Neither may count as “enriching people’s lives,” either, but then, it’s doubtful that much of the shopping or Web browsing being done on Apple’s iOS devices does, either. We’re a generation that wastes an inordinate amount of time on Instagram and SnapChat and the average American carries over $7,000 in credit card debt: talking about enriching our lives through better ways to browse and spend seems patronizing in the extreme.
Indeed, the device that actually does enrich my life—the Android-based Kindle Paperwhite—doesn’t show up on IBM’s analysis at all. It’s miserable for Web browsing and only lets me shop in one store: Amazon’s. But I tend to buy a lot of books there (never videos – it’s a Paperwhite, not the Kindle Fire) and … GASP!, read them on the Paperwhite too.
Nor am I alone, as Flurry data on new device activations shows:
Indeed, separate Flurry data also suggests that WiFi-only tablets are the most gifted devices, given that they’re cheap and don’t require contracts with a wireless carrier. Cook may have forgotten just how powerful a low-cost, single-purpose device can be (iPod, anyone?) in his haste to denigrate Android adoption. The fact remains: Android devices may not get used for Web browsing but they are getting used.
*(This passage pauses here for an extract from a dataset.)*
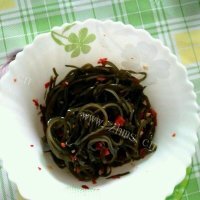 色香味俱全的凉拌海带丝做法图解4)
To be fair, Flurry also released data earlier this year that shows the average Android user also spends about 80% of the time that with apps that an iOS user does. What none of these studies really achieve though is the ability to break down Android usage as a generic term into specific devices. Many Android smartphones are destined for budget-conscious consumers that may have limited data plans and free time. Comparing the entire Android ecosystem to the iPhone and iPad is no longer a one-to-one an equal equation. If you take the top Android smartphones like the Samsung Galaxy S4 or Galaxy Note 3, the Google Nexus 5, HTC One or Moto X and compare them to the iOS devices, would the data look the same?
The analytics on Android vs. iOS tend to talk in generalities without taking the specific sectors of the market (high-end versus low-end smartphones) into account. These generalities play well into Cook’s hands as he can then wag a finger at Android and say, “hey, I told you so. Buy an iPhone.”
I see the diversity of uses for Android devices whenever I get my hair cut (my barber has two Android devices, one for playing music and the other to entertain her kids with video) and when I go to church and use my Android-based Kindle Fire for nothing other than a once-per-week set of scriptures. These are just two of a variety of examples that Cook seems to ignore. Cook may not think such use counts as “enriching” but it really doesn’t matter what he thinks.
After all, he’s just trying to pitch a story that sells Apple to consumers and Wall Street.
But What About Developers?
Of course, this does overlook one important constituency: developers. As happy as I may be to use my four Android-based devices for single purposes, developers aren’t. They make money selling me apps and they’re making far more money on iOS than Android.
That was then, this is now.
It turns out that enterprise app developers make more money, more consistently, than consumer app developers. As we reach saturation in mobile (ReadWrite’s Dan Rowinski writes that we may already be there) coupled with increasing success of single-purpose “smart” devices, I suspect we’ll see a serious shakeout in the consumer developer ranks.
But not a shakeout in tablet and smartphone interest.
While true that the average smartphone user installs 25 apps on her phone, I suspect that the average number of apps actually used is far lower. I can count on one hand the number of apps I regularly use on my iPhone, and can count the number of apps I use on my iPad on two fingers.
In other words, the real winners in mobile may be the device manufacturers, not the app developers, leaving Cook’s rage against the Android machine sounding somewhat hollow.